Но если она не спит… если она ждет его… разве он не дал понять совершенно ясно, что не вернется в эту ночь? Или в любую другую ночь, пока способен управлять своими страстями. Мысль о том, что она может ждать его… нет. Он должен был проверить.
Он открыл дверь очень тихо. Если бы она уже спала, последнее, что он хотел сделать, — это разбудить ее. Огонь в камине прогорел до углей, но рядом с кроватью все еще мерцала лампа. В этой огромной кровати лежала его жена и сонно дышала, обняв подушку, словно прильнув к любовнику. Он должен был сохранить самообладание, иначе вряд ли сможет разделить с ней постель.
Мягко ступая, он подошел и посмотрел на нее сверху вниз. О дьявол! Ее глаза были покрасневшими, ее бледные щеки исполосованы следами от слез. То, что она плакала, пока не заснула, ударило его в самое сердце.
Он смотрел на нее. Она утверждала, что никогда не хотела заманивать его в ловушку, что собиралась стать его любовницей. А потом купить аннуитет. Неужели она действительно думала сохранить в тайне подобный обман? Эта мысль расстроила его. Мог бы он хоть когда-нибудь узнать истину, если бы Хардинг не дознался, что Верити Скотт жива?

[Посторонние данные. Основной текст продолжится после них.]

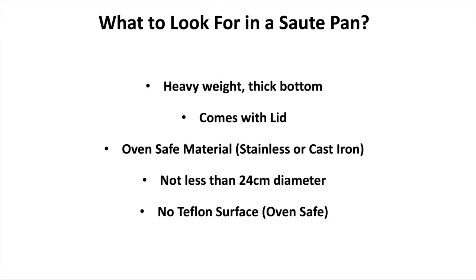What should you look for in a sauté pan? Look for something heavyweight with a thick bottom to retain heat. Make sure it comes with a lid — in most cases it will. Make sure the materials are oven-safe, and try to stay away from Teflon again — safety concerns, temperature concerns, it's most likely not going to be oven-safe, and Teflon will always wear out, whether that's six months, a year, or two years. Stainless steel or cast iron is not going to wear out. Also try not to get one that's too small — 24 centimeters should be the minimum.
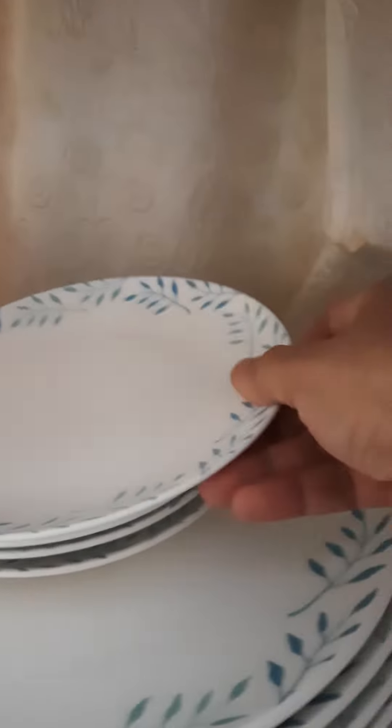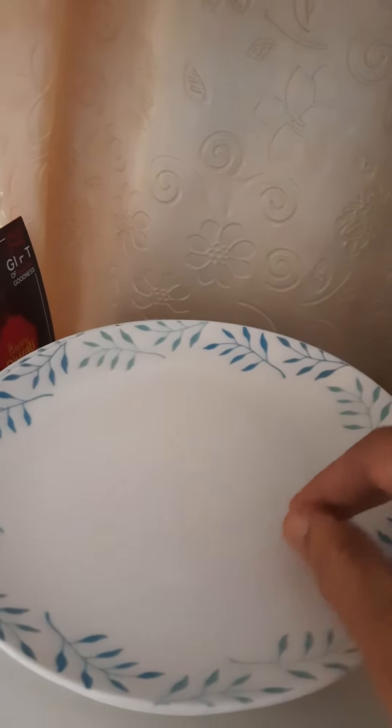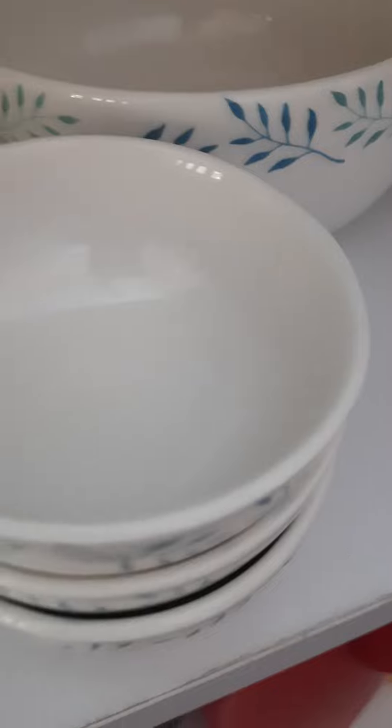This is a set of 20 pieces. This is a porcelain sauce set. Sweet balls — six total — set of 20.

Его пальцы потянулись погладить ее влажные щеки. Он отступил, дрожа. Подавив проклятие, прикрыл покрывалом ее плечи, отвергая искушение, преодолевая яростный протест своего тела, неотступно жаждущего оказаться в кровати рядом с ней и заняться с ней любовью, заглушая свое сердце, которое стремилось утешить ее. Любой ценой он должен был держаться от нее на расстоянии.
У нее нет причин плакать, жестко сказал он себе. Она получила то, чего добивалась, — безопасность. Во всех материальных смыслах.

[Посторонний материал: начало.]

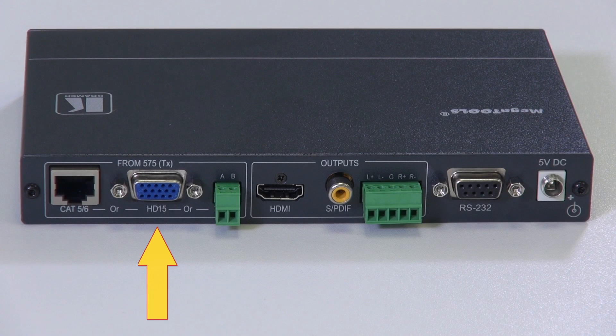The 576 receiver features the HD15 socket and the two-pole socket for inputting from the 575, along with the HDMI output. In addition, we also have de-embedded audio available on an RCA for S/PDIF and on a 5-pole terminal block for balanced stereo analog audio, plus the RS232 socket and the 5-volt DC power socket.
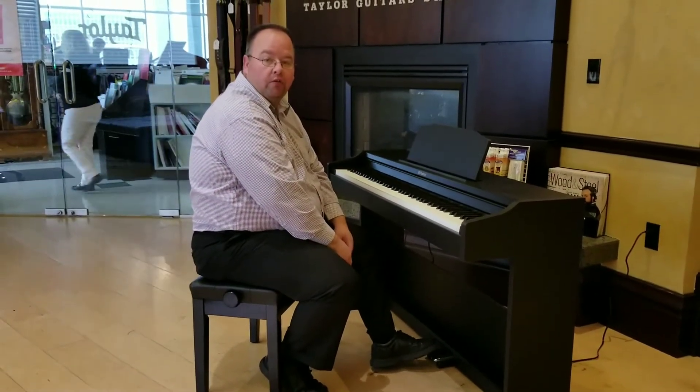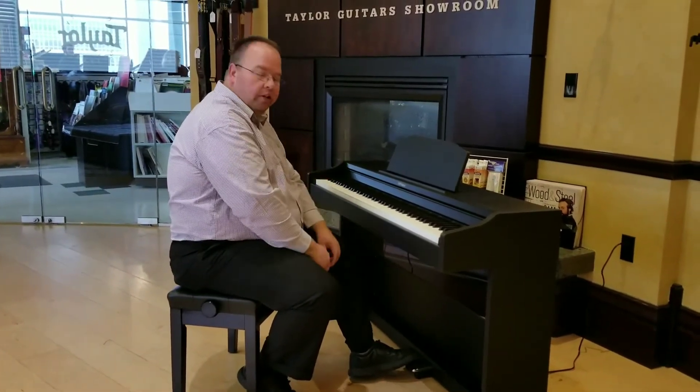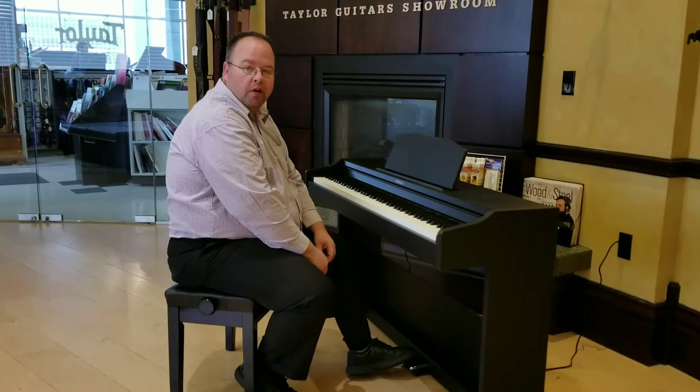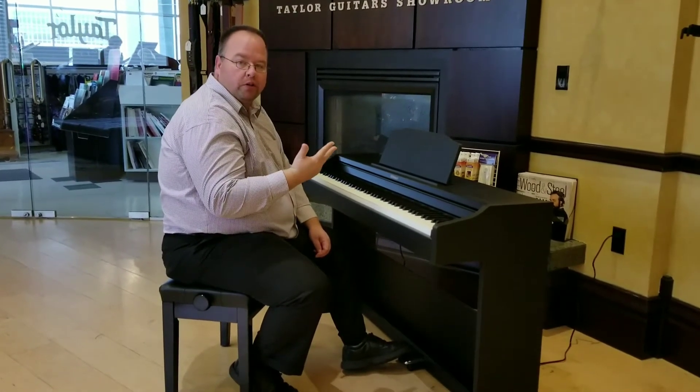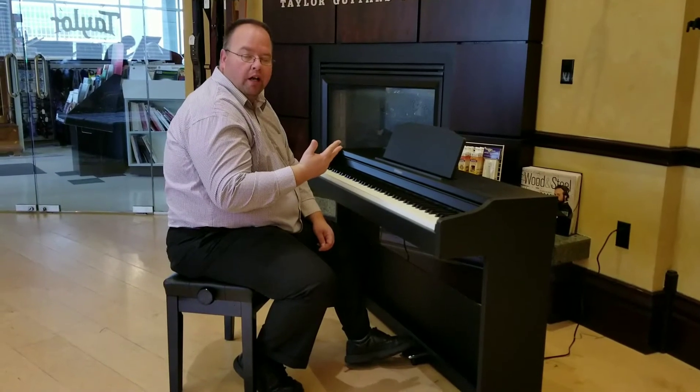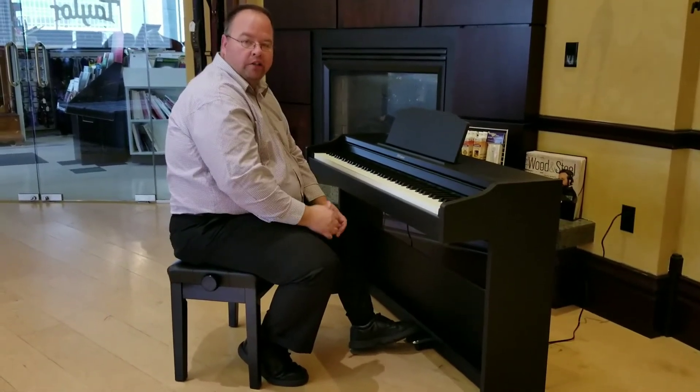For years we've been looking for an affordable console style digital from Roland. Well, here it is, the RP-102. It's brand new. It has Bluetooth, USB thumb drive, USB connectivity to a computer, and a whole bunch of fun sounds to play with. It's an awesome digital piano and it's affordable.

Если бы только она не была Верити Скотт! Женщина, которую он должен был защитить своим именем, не имея другого выбора. Если бы только она была — если уж начистоту — Селиной! Он взглянул на нее еще раз. Темные тени под глазами вызвали укол боли. Она, должно быть, измучена. Он осторожно вновь провел пальцами по ее щеке. Такая мягкая. Шелковая.
— Спокойных снов.
Он услышал тихий вздох. Она уютно прижалась к подушке и подставила щеку под его ласки. Он неохотно отнял руку.
Затем тихонько задернул кроватный полог и ушел.

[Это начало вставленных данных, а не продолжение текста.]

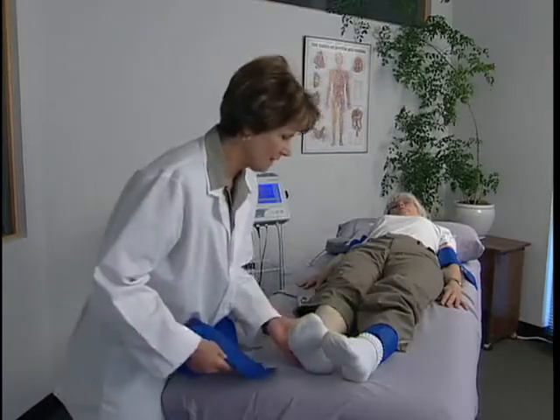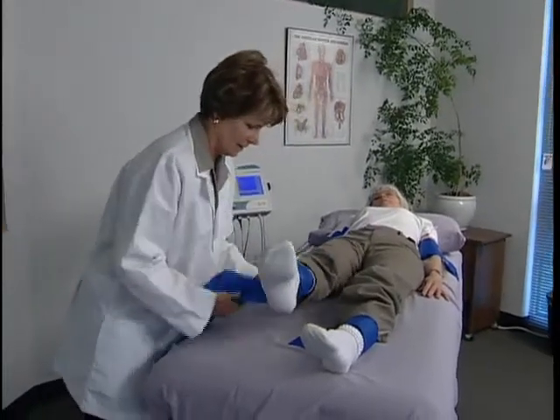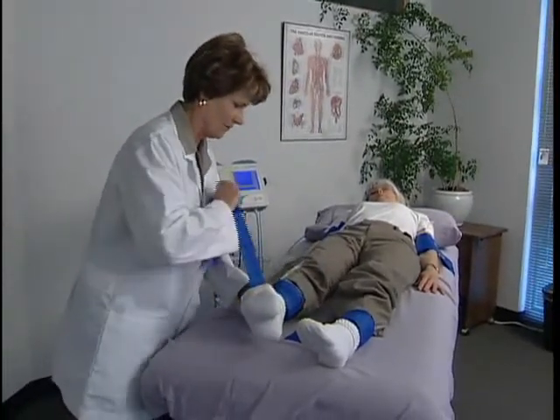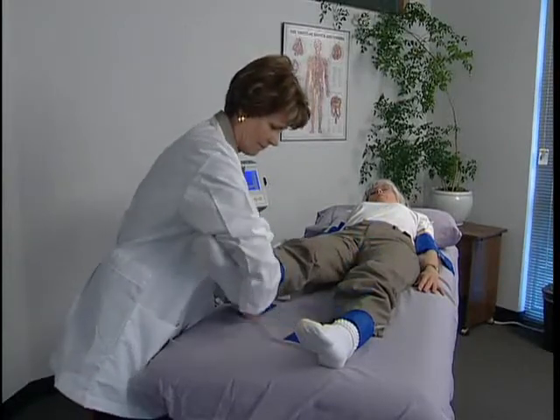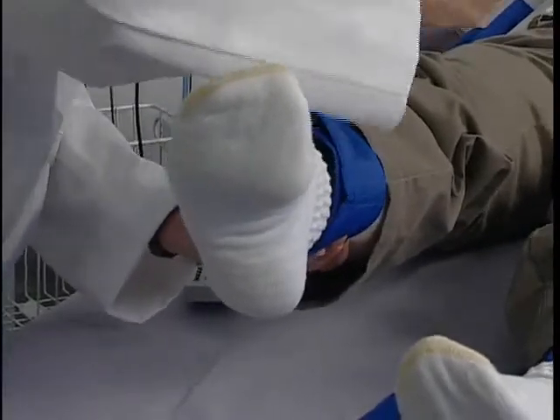Wrap a cuff at each site to prepare for the exam. It is important that the patient lay still and the toes are reasonably warm. It may be helpful for the patient to keep their socks on while preparing and take them off just before applying the PPG on the toe.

Луч света полоснул по глазам Верити. Она медленно открыла глаза и моргнула. Полог ее кровати с одной стороны был закрыт, пропустив этот единственный луч. Когда она это сделала? Верити, зевая, утонула щекой в мягкой подушке. Она вспомнила, как легла спать, но не закрывала завесы. Другое воспоминание пришло к ней: нежные ласки и бархатный глубокий голос: «Спокойных снов». Это был сон. Не более.
Верити села и потянулась. Прошлой ночью она приняла некоторые решения насчет своего брака. Она не знала, сможет ли успешно претворить их в жизнь, но нужно было попытаться. Это был единственный способ хоть частично спасти чувство собственного достоинства.
Она должна была бы сделать все возможное, чтобы в этом браке показать Максу, что он может доверять ей. Как-то она должна была убедить мужа, что не была блудницей, которой он ее счел. Ему нравилась Селина. Она была уверена в этом. Разве ему не сможет понравиться Верити? Хоть немножко?
Тут в дверь легонько постучали.
— Войдите!
Дверь отворилась, и в проеме возникла горничная с огромным, тяжело нагруженным подносом.
— Я не звонила, — удивилась Верити.
— Нет, миледи. Его светлость распорядились, чтобы вам принесли завтрак. — Девушка смотрела на нее с любопытством. — Куда мне поставить поднос, мэм? Желаете завтракать в постели?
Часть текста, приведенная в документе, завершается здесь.